Beim Festival "arsmundo" ist Argentinien das Gastland. Mit Tango, aber nicht nur... Foto: Estudio de la danza / Wikimedia Commons / CC-BY-SA 4.0int

(Von Michael Magercord) – Tango vereint alles: Körper, Geist und Gefühl. Tango entsteht im Zusammenspiel dieser drei Lebenselemente. Kurz: Tango ist das Leben. Man könnte kokett behaupten, es gäbe noch etwas anderes als Tango im Leben, selbst in Argentinien. Dem ist natürlich nicht so, denn nicht einmal da, wo er im vollen Bewusstsein ausgeübt wird, gibt es ein Leben neben dem Tango. Wie sollte es dann dort möglich sein, wo man nicht einmal merkt, welchem Rhythmus das Leben wirklich folgt?

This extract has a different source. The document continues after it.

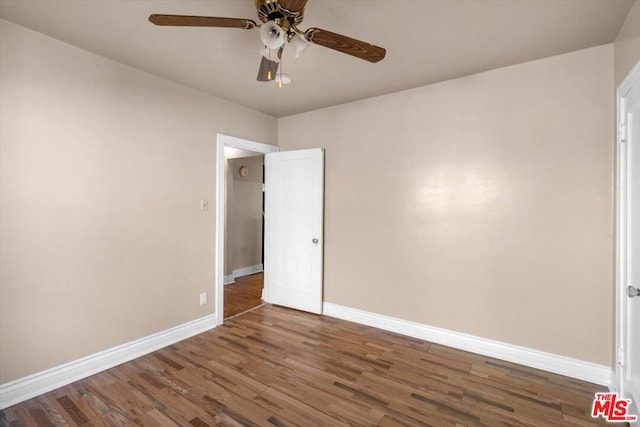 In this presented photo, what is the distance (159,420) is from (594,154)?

Das, was man landläufig unter Tango versteht, nahm seinen Anfang im Argentinien des 19. Jahrhunderts. Zunächst mit Gitarre, später Klavier und Bandoneon zogen erste Tangomusiker durch die ärmlichen Hafenviertel am Río de la Plata. Zwischen Kleinkriminellen und Huren, die von überall aus der Welt in die Slums von Buenos Aires und Montevideo kamen, blühte das Machogehabe für Arme – und mit ihm der Tango. Zuhälter, Ganoven, aber auch der verarmte und zum schnöden Arbeiter mutierte Gaucho konnte sich während des feurigen und doch so edlen Tanzes mit ebenso stolzen Damen einbilden, einem gehobenen Lebensstil zu frönen. Wie ein Gockel herumzustolzieren und dabei männlich und elegant zugleich zu wirken – das ist immer das Ergebnis von Einbildung. Und was, wenn alle dasselbe Spiel spielen, sich nämlich vorzugaukeln, sie führten ein selbstbestimmtes Leben? Was also, wenn also die Aufrechterhaltung der Fassade zum eigentlichen Inhalt des gesellschaftlichen Zusammenlebens wird?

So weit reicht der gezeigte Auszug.